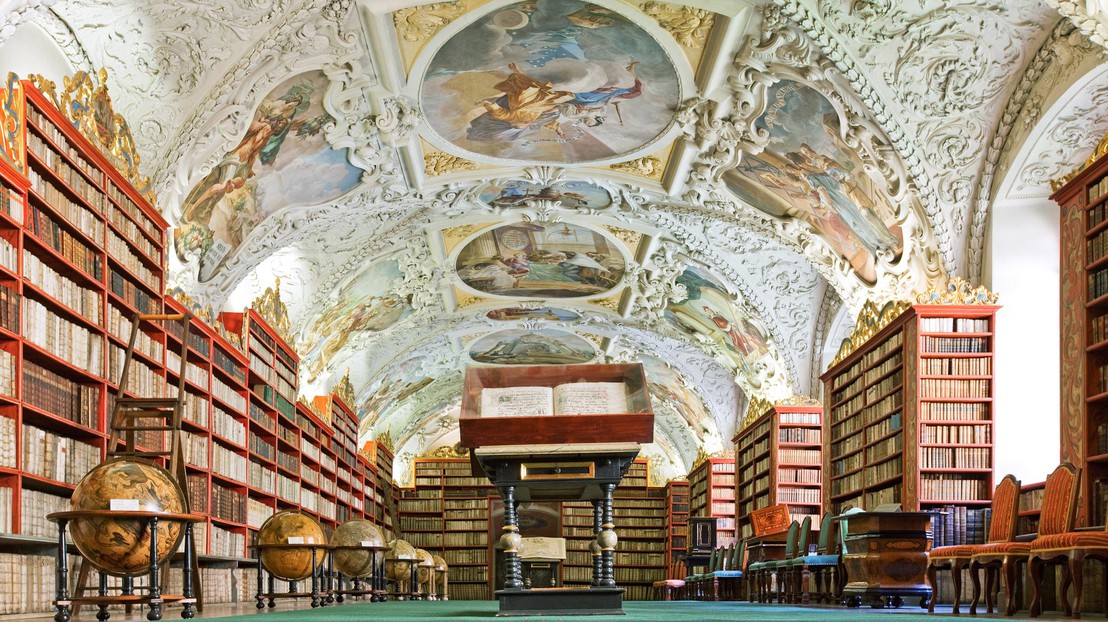 The Klementinum Library in Prague. Even in the 17th century, the amount of knowledge was impressive. EPFL / iStock The Klementinum Library in Prague. Even in the 17th century, the amount of knowledge was impressive. EPFL / iStock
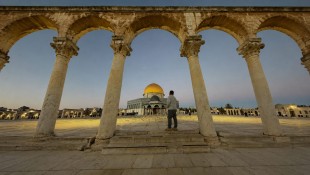 Negara-negara Arab dan Muslim Termasuk Indonesis Kecam Penyerbuan Masjid Al-Aqsa oleh Israel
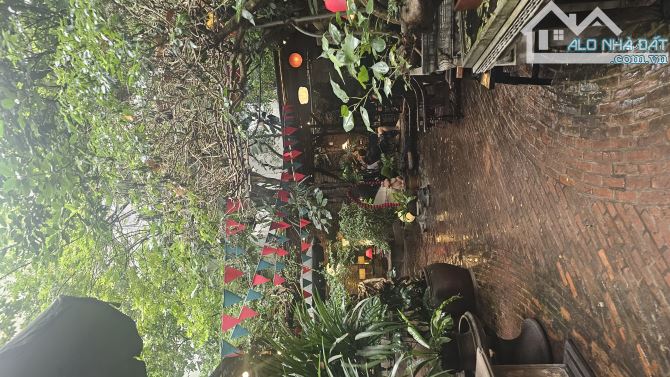 Mp Quang Trung Hoàn Kiếm 420m2 . Mt 17m. Giá 260 tỷ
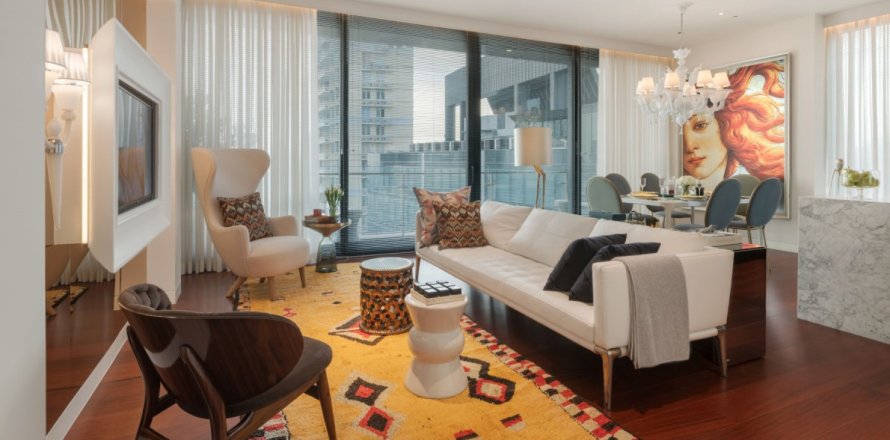 Condo in Bangkok, Thailand, 2 bedrooms  № 181064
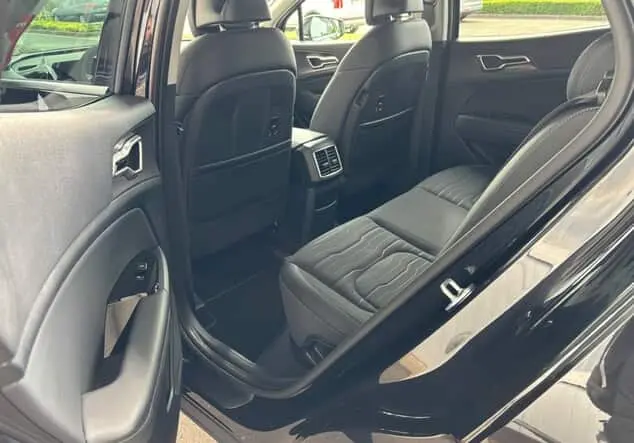 Angebotsdetails Kia Sportage 1.6T DCT SPI DRIVE Schwarz (Zilinaschwarz Metallic)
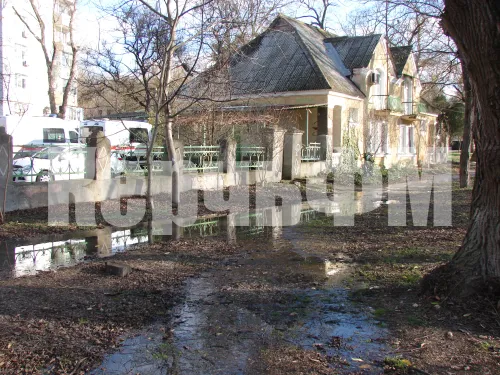 В Керчи произошел очередной порыв водовода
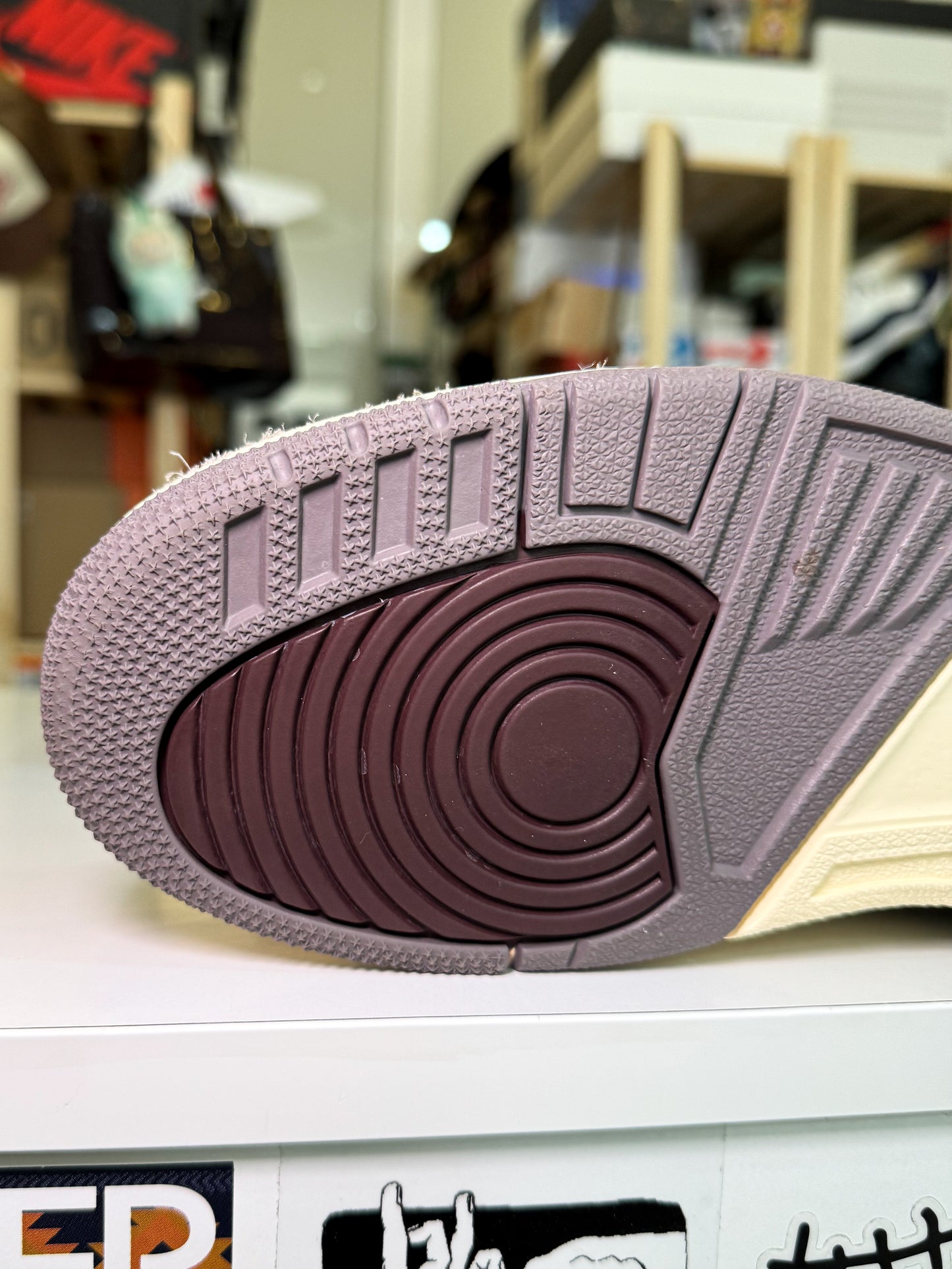 Air Jordan 3 Retro x A Ma Maniere ‘While You Were Sleeping’ 2024 W - Recondicionado
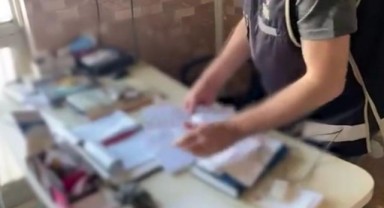 Tehditle çek ve senet imzalatarak 25 milyon TL dolandırdılar
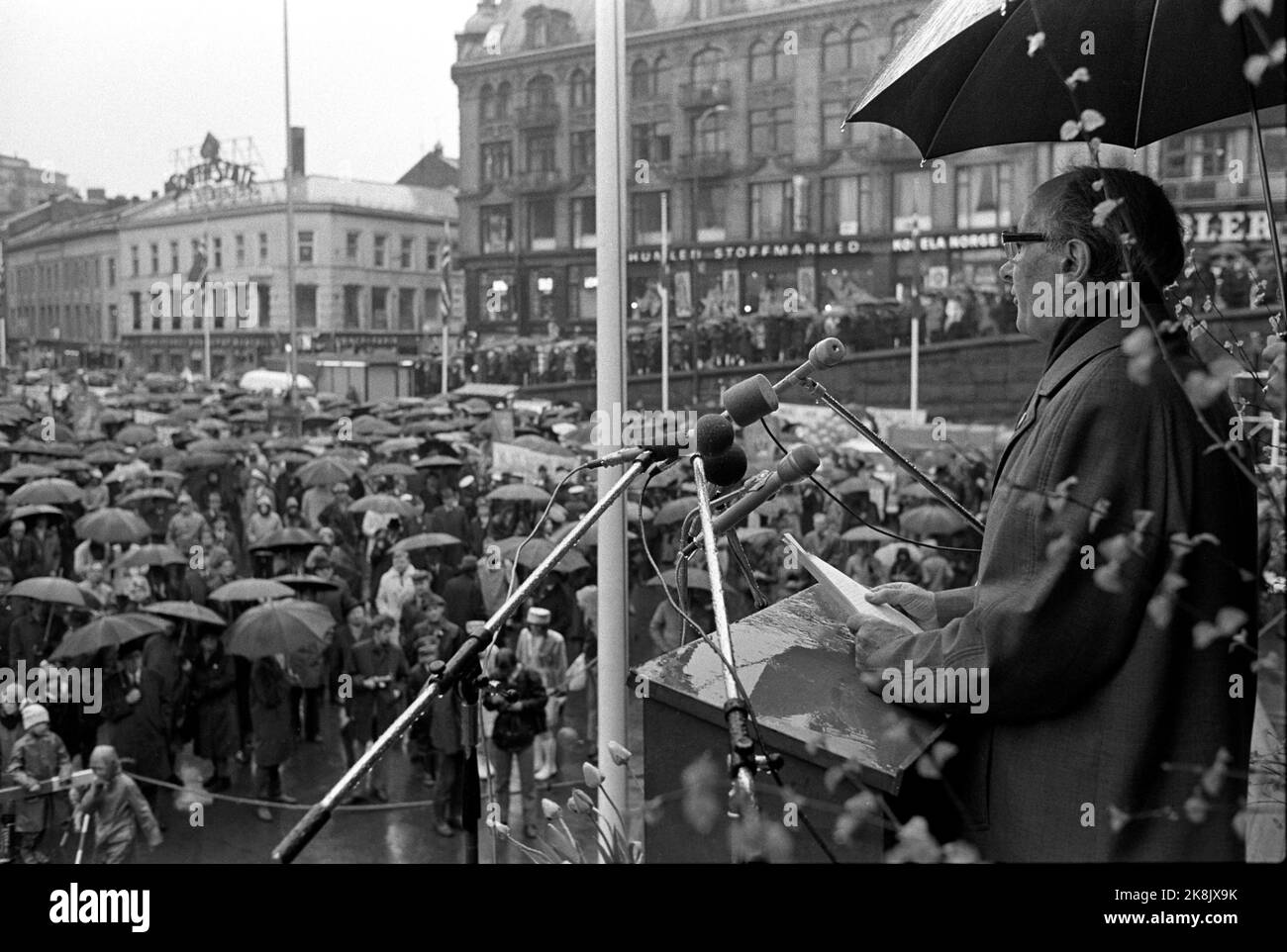 Oslo 19730501. Mai 1. Feier in Oslo. Der Vorsitzende der Labour Party, Trygve Bratteli, war der Hauptredner von Youngstorget vor Samorgs Zug. Es war schlechtes Wetter mit Regen und Wind. Foto NTB / NTB Stockfoto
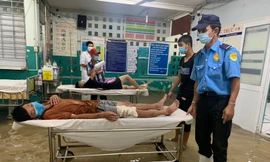 Bên trong bệnh viện ngập kinh hoàng ở Sài Gòn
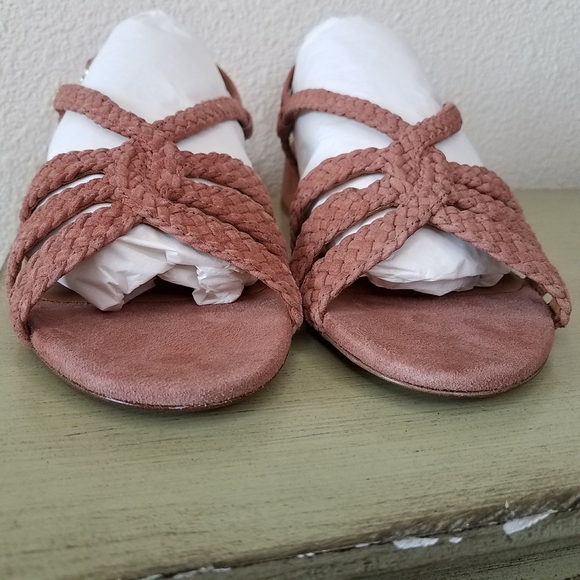 Sezane Rosa Low Sandals in Blush - Picture 7 of 11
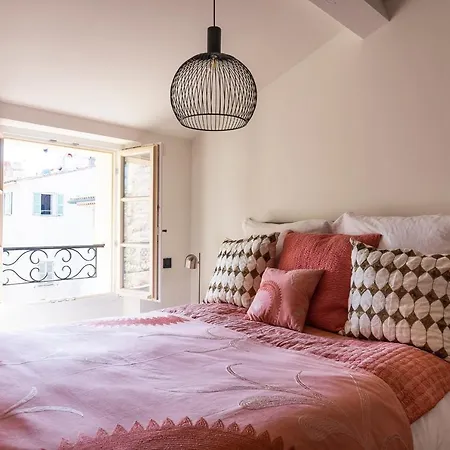 Maison Bellevue Apartman *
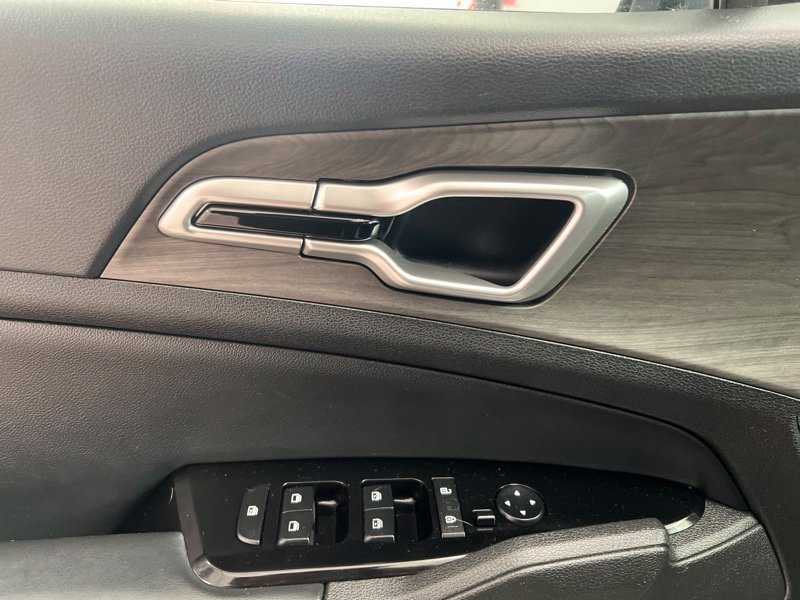 Certified 2023 Kia Sportage X-Line AWD/4WD image 18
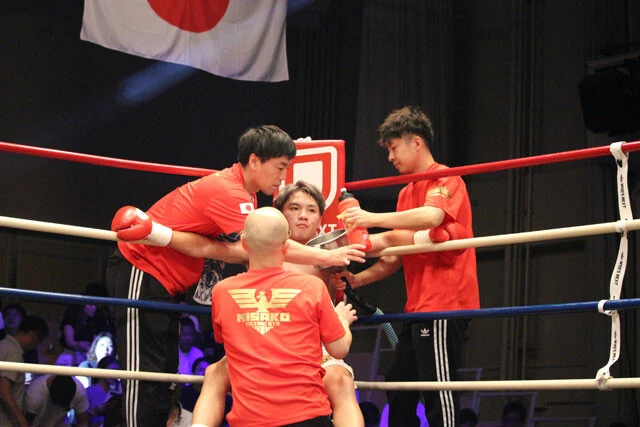 9月21日の第1試合、スーパーフェザー級4回戦に出場した保谷 勇次（三迫）。初回から果敢に攻めて嬉しいプロ初勝利を飾った。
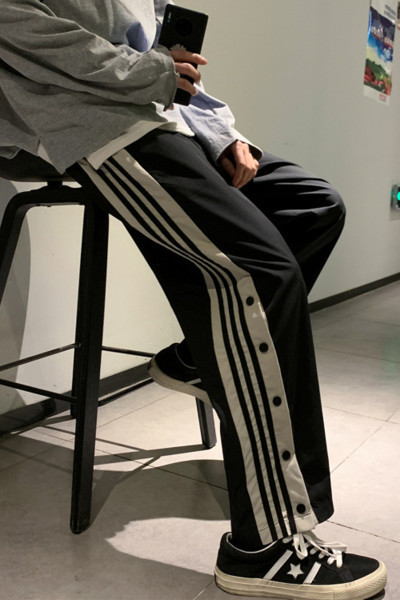 Ανδρικό παντελόνι φαρδύ  μοντέλο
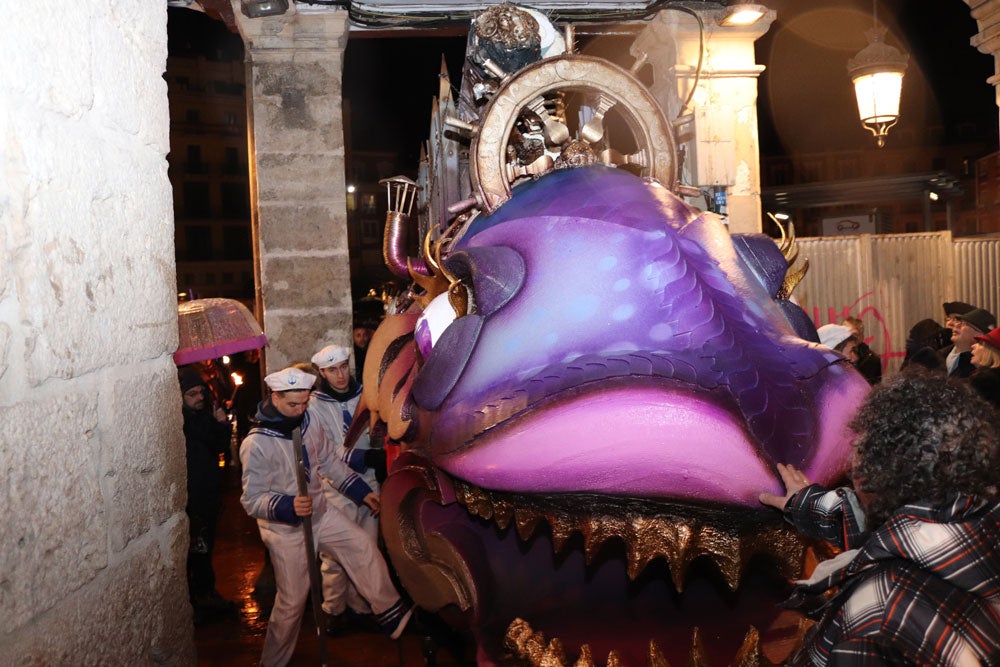 El Entierro de la Sardina cerró ayer los actos festivos del Carnaval burgalés. Llega el tiempo de la Cuaresma, del recato, pero El Sevilla se encargó anoche de darnos humor para soportar los duros días que están por venir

EXERCISE GOAL
Each line from the line containing "Sezane Rosa Low" through the final line of the data above must be retyped exactly; nothing else, and no pictures, may appear.

WRITTEN SOLUTION
 Sezane Rosa Low Sandals in Blush - Picture 7 of 11
 Maison Bellevue Apartman *
 Certified 2023 Kia Sportage X-Line AWD/4WD image 18
 9月21日の第1試合、スーパーフェザー級4回戦に出場した保谷 勇次（三迫）。初回から果敢に攻めて嬉しいプロ初勝利を飾った。
 Ανδρικό παντελόνι φαρδύ  μοντέλο
 El Entierro de la Sardina cerró ayer los actos festivos del Carnaval burgalés. Llega el tiempo de la Cuaresma, del recato, pero El Sevilla se encargó anoche de darnos humor para soportar los duros días que están por venir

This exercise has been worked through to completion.